Tuesday, June 05, 2012

The cost of appeasing the other side

I'm willing to give the captains of Metro Nashville Public Schools the benefit of the doubt, and believe that their embrace of charter schools to this point has been an attempt to save, not destroy public education. The only thing is that the conservative champions of charter schools, vouchers, and private subsidies are intent not on saving public education but burying it in the graveyard of privatization.

Even so progressive education reformers still seek to compromise; they find spots and resources for charter schools. But it is a slippery slope. To put it another way, support for charter schools allows the camel's nose to duck under the tent flap. After that, there is nothing to bar the rest of the beast from coming in the tent.

So, why should they be surprised?

School Board Chair Gracie Porter says she was “somewhat shocked” by how “aggressively” the state is moving on charter approvals. She says as charters pull funding away from the district, “we are still expected to perform as the same level, even with less dollars.”

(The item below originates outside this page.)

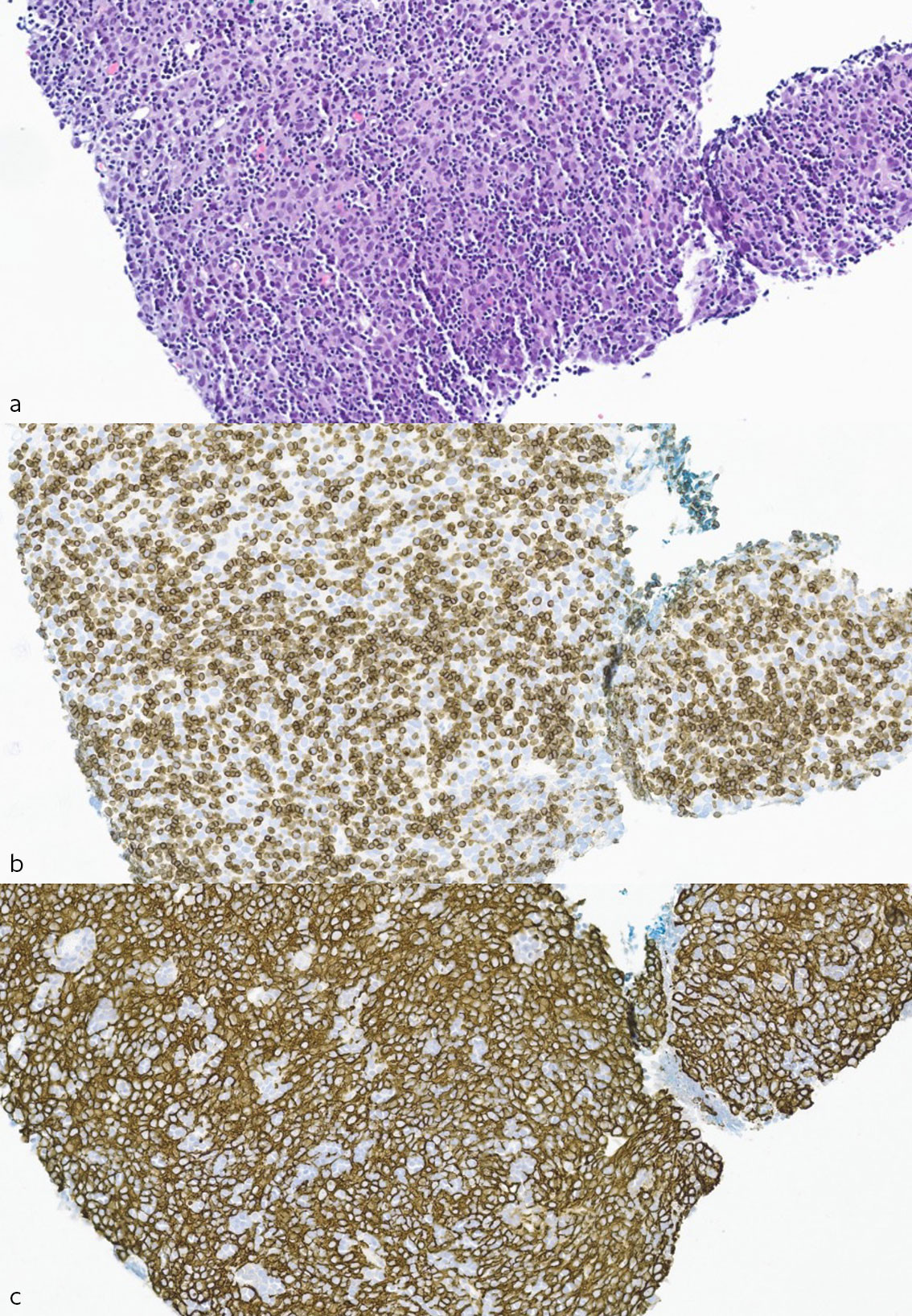 Figure 2 Section from the CT-guided biopsy of the pleural metastasis, approx. x400 magnification. a) Haematoxylin-eosin&hellip;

At the same time, Porter wanted to make clear: “Metro School Board is not against charters. We want the best charters that we can possibly have. And we also want our children across the district – not just in charters but across the district – to really be successful. Oftentimes we hear that it’s us-and-them. I don’t view our system as us-and-them.

Rather than feeling wounded or victimized, we must quickly learn the lesson that there is no compromise on public education. Charters prepare the way for further privatization of public education. For Ms. Porter to respond as she did to the distinct probability of politics in red-state Tennessee was unrealistic. And simply trying to restate a liberal Janus-faced approach that invites charters, but not too many charters, is setting oneself up to be beat in the future.

1 comment:

  1. Families should be informed that kids will lose their legal rights and protections in privately managed/public charters.

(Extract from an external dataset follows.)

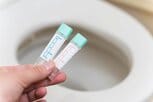 「おならが臭い」は大腸がんと関係ある？便が“細い・黒い”は要注意！赤身肉や加工肉への留意と「検便」による早期発見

    Not that it makes any difference to the charter cheerleaders, but the data on charters as educationally superior to public schools is pretty ugly.

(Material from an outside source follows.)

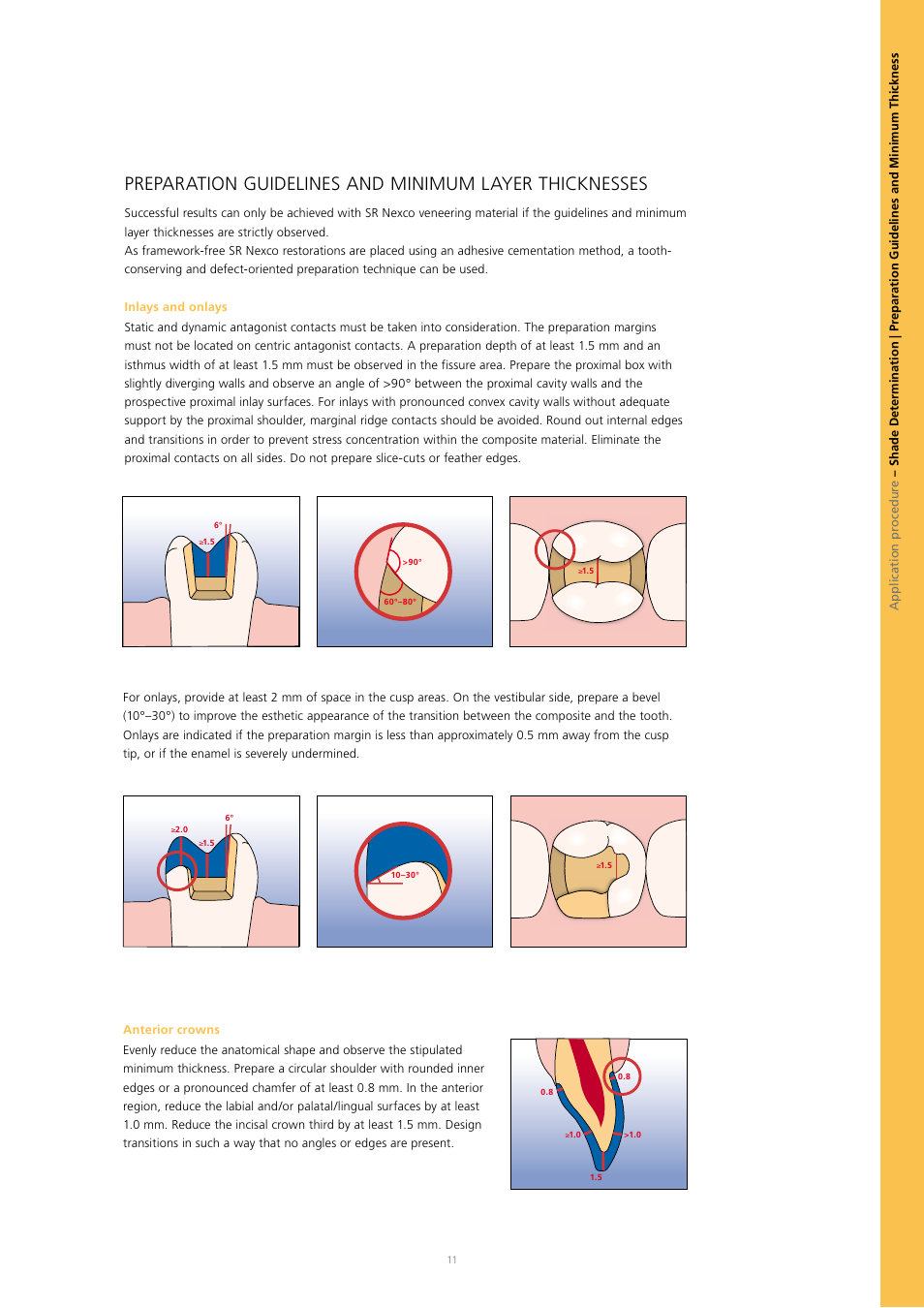 Ivoclar Vivadent SR Nexco Paste User Manual | Page 11 / 64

    NJ,like TN DoEd will not release the raw data or independent summary analyses,so Bruce Baker at Rutgers took the NJ state report card and ran controlled comparisons. He has the ability to make regression analyses understandable to most so I suggest reading the entire post. http://schoolfinance101.wordpress.com/2012/06/08/new-jersey-charter-data-roundup-a-look-at-the-2010-11-report-cards/

    Can someone remind me again why we're funneling public money to these unaccountable, ineffective child factories?